Toward the end of 2015, I sat down and really thought about what we needed and were missing. This was the situation as I saw it.

image

There was also the issue that we have learned a lot over the years. We built Voron (our storage engine) from the ground up, we had a lot of experience running in production and we knew what kind of tasks our customers were using us for. I kept thinking that I wished I had a time machine and could do things over properly. Given that my time machine is still in the shop, I decided that we had two options:

  1. Minor fixes along the way – slowly improving our behavior as we stride toward the desired architecture and usage.
  2. Break it all – essentially start from scratch, with a new architecture and write it the way we want it to be written.

The obvious choice was to do this slowly. The problem was that I really couldn’t think of a good way to actually achieve that. The kind of changes we wanted to make started from replacing the most fundamental structure we had, how we represent JSON in our document database and got more complex from there. We wanted to change how we store data on disk, how we index data, how we … literally every single feature that we had was going to be transformed in some way.

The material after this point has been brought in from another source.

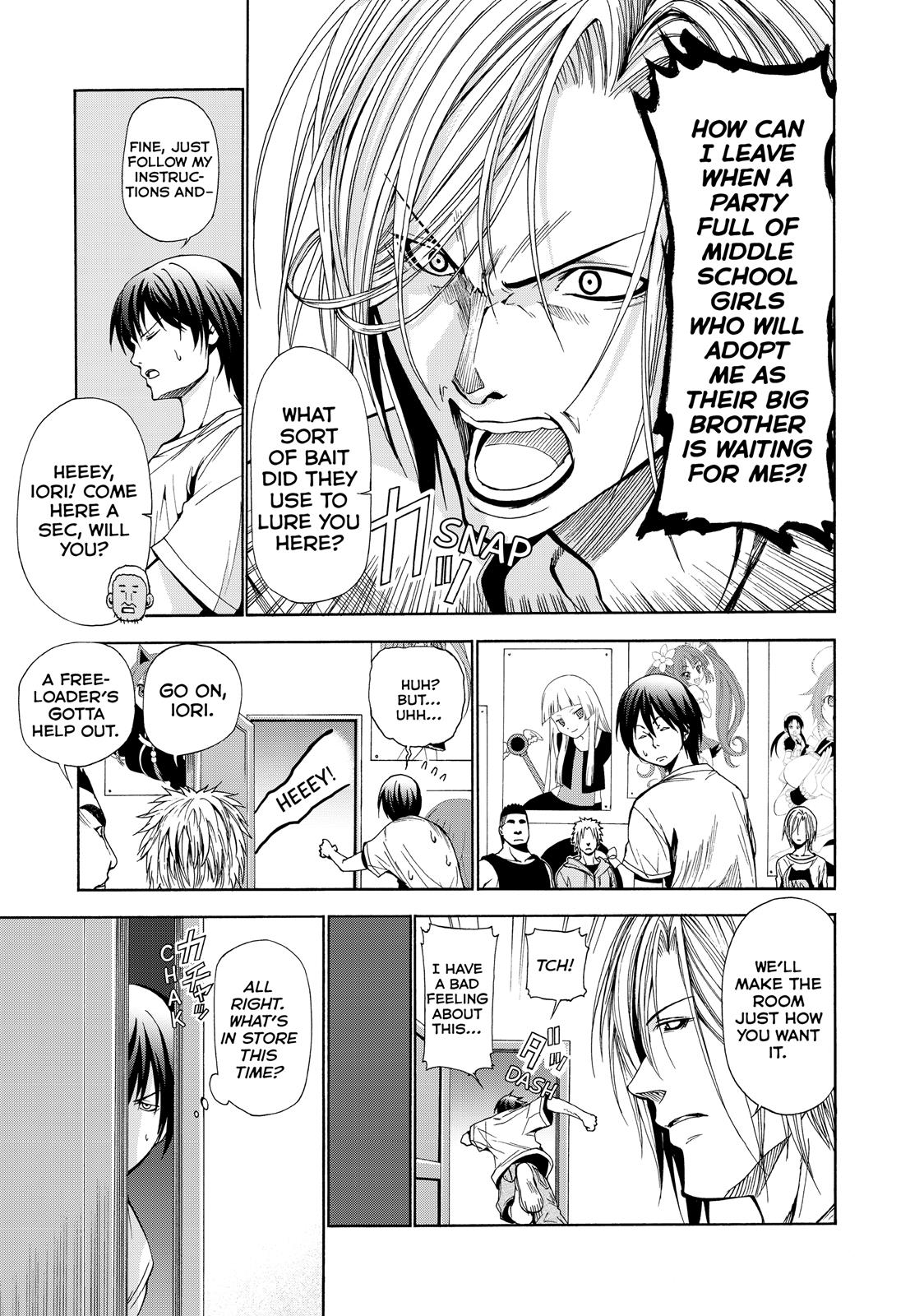 Read Grand Blue Dreaming EN Manga Online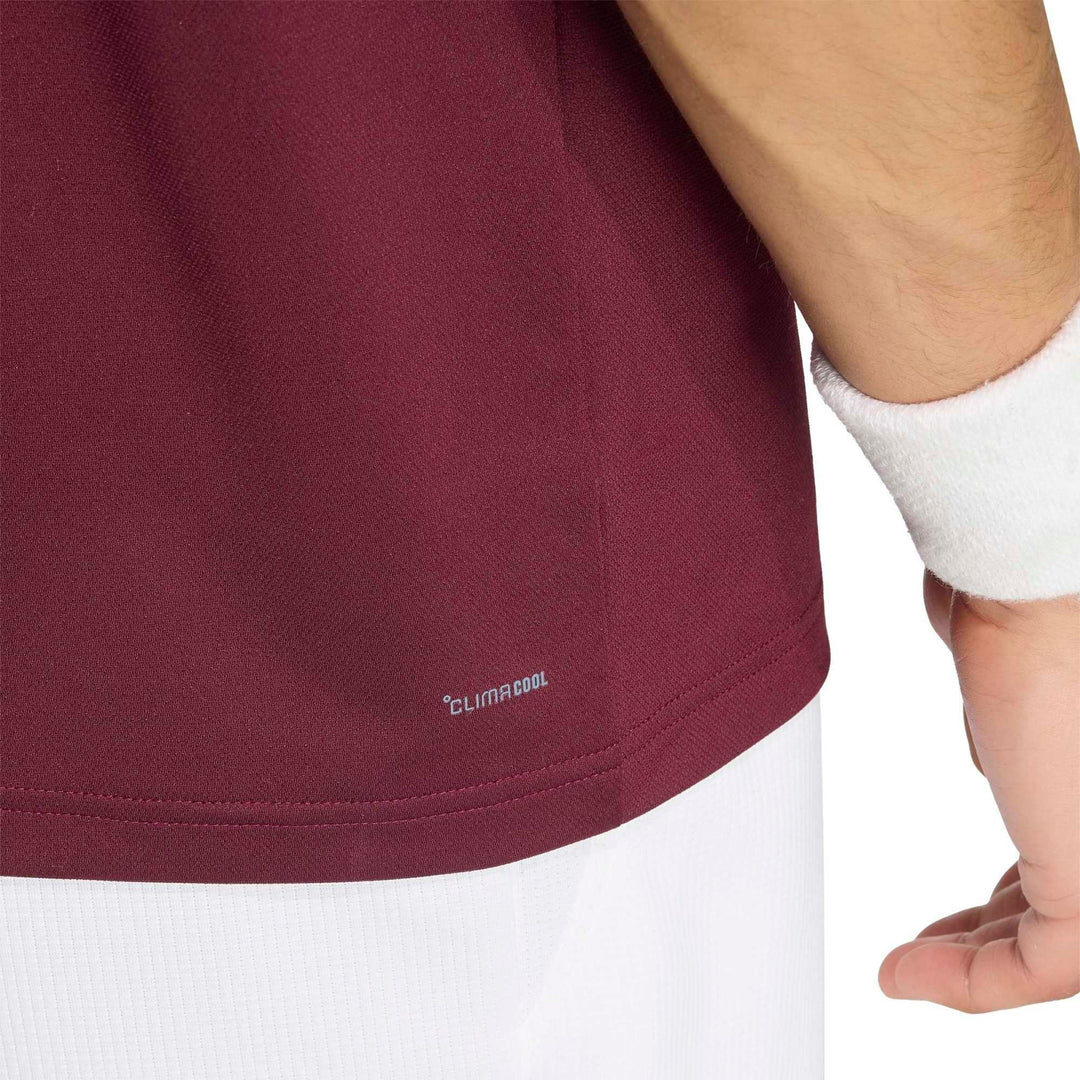adidas Classics Polo - maroon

We also had additional issues. The Windows only limitation was really hurting us and we really wanted to get a good Linux story going. The support burden was also at the very top of my mind as we considered what to do. In the end, we came up with the following decisions:

  • We don’t require backward compatibility. Either on the server side or client side.
    • That was the hardest decision, but it meant that we could actually tackle some of the biggest issues freely and without constraint.
    • That meant that we wanted to keep the same feeling, but be able to make changes to corners of the API that atrophied.
  • Support cost and simplified operations as a primary concern.
    • This meant that, at the design level, we took into account debugging considerations.
  • Order of magnitude performance improvement across the board.
    • Otherwise, it isn’t worth the effort.
  • Cross platform from the get go.

That was in Sep 2015. I sat down and wrote a design document that outlined the new architectural approach, spiked a few things and then we were off to the races. I blogged all about the process extensively, so I’m not going to repeat that.

We decided to use DNX (which became .NET Core) at a very early stage. Initially, I don’t believe that we even had a debugger, and most of our builds had to be trigger from the command line. I guess that if you are going to make a risky decision, you might as well make a few others…

I’ll say that I made a lot of preparation to fail up front. Part of the reason we went with DNX was that we knew that worst case scenario, we could spend a few days and get it working on the full .NET framework if we had to. I took this step with a lot of backward glances to make sure that we won’t get lost.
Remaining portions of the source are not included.